The light provided into the sensor 200A from the light source 550A
interacts with the FBGs 205F, 205G which are exposed to one or more
measurands. The presence of the one or more measurands causes a
certain change in the spectrum of the transmitted light portion.
The change can include a shift in a Bragg wavelength and/or an
increase or decrease in the peak or integrated intensity of the
transmitted light portion.
[0067] In the illustrated transmission (reject)-type sensing system
500A, the photodetector 560A (e.g., photodiodes) is disposed at an
output side (e.g., end of the optical fiber) of the CNT-bearing FBG
sensor 200A. The transmitted light portion is detected by the
photodetector 560A, which converts the detected transmitted light
portion into an electrical signal. The electrical signal output of
the photodetector 560A is received by a signal
conditioning/conversion module 514 via an input port 522. The
signal conditioning/conversion module 514 conditions (e.g., filters
and amplifies) the electrical signal and converts (e.g., digitizes)
it into a digital representation. The digital representation is
then received and processed (e.g., analyzed) by the processor 702
to determine change(s) in the spectrum of the transmitted light
portion and identify one or more measurands that have caused the
change(s).
[0068] FIG. 5B is a schematic block diagram of an exemplary
reflection (accept)-type sensing system 500B that is configured to
monitor and detect a measurand based on a reflected portion of the
input light (hereinafter the "reflected light portion") according
to certain aspects of the present disclosure. The sensing system
500B includes a control/analysis unit 501B, a light source 550B
(e.g., a laser), a CNT-bearing FBG sensor 200B, and a photodetector
560B (e.g., photodiodes). The control/analysis unit 501B, the light
source 200B, and the sensor 200B of the exemplary sensing system
500B of FIG. 5B are substantially similar to those of the exemplary
sensing system 500A of FIG. 5A and are not separately described
here.
[0069] One difference between the transmission-type sensing system
500A of FIG. 5A and the reflection-type sensing system 500B of FIG.

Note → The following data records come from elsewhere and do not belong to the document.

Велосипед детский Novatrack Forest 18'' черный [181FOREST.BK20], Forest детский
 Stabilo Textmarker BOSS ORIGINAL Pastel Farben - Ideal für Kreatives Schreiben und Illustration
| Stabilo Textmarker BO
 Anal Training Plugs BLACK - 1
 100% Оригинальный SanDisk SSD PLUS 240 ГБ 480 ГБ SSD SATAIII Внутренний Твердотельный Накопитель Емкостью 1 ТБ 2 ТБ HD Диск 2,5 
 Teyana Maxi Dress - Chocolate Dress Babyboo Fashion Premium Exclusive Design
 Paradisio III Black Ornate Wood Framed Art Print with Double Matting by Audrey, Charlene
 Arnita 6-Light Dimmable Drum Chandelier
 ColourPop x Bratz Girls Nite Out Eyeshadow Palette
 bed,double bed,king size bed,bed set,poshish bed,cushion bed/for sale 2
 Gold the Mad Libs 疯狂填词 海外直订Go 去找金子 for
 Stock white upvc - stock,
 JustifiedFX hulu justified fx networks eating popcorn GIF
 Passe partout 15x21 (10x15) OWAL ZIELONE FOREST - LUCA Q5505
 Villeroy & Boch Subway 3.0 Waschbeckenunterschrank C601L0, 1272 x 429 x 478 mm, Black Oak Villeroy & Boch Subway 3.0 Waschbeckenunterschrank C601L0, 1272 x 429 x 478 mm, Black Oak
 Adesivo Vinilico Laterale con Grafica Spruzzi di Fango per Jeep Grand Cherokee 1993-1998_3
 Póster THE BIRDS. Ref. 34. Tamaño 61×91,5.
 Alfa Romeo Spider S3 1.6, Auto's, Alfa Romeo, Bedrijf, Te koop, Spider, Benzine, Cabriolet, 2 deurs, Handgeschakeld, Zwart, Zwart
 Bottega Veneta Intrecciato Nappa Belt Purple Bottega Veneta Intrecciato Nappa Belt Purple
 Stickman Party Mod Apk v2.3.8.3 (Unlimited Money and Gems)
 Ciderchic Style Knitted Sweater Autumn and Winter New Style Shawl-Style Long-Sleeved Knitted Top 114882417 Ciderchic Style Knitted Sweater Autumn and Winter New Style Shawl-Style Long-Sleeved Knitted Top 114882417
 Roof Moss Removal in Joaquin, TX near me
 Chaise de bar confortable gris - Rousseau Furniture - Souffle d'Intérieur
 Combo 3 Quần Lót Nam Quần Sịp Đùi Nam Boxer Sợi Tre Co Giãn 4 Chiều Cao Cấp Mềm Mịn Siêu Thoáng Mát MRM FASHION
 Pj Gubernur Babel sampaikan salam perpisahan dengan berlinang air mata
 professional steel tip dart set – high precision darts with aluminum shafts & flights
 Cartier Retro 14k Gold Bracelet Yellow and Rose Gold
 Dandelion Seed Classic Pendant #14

5B relates to whether the transmitted light portion or the
reflected light portions is received and analyzed. While the
photodetector 560A is disposed at the output side of the sensor
200A to receive the transmitted light portion in the
transmission-type sensing system 500A, the photodetector 560B is
disposed at an input side of the sensor 200B to receive the
reflected light portion in the reflection-type sensing system 500B.
In the illustrated example of FIG. 5B, the reflected light portion
is received by the photodetector 560B via a directional coupler
570. The photodetector 560B converts the detected reflected light
portion into an electrical signal. The electrical signal output by
the photodetector 560B is received by a signal
conditioning/conversion module 514 via an input port 522'. The
signal conditioning/conversion module 514 conditions (e.g., filters
and amplifies) the electrical signal and converts (e.g., digitizes)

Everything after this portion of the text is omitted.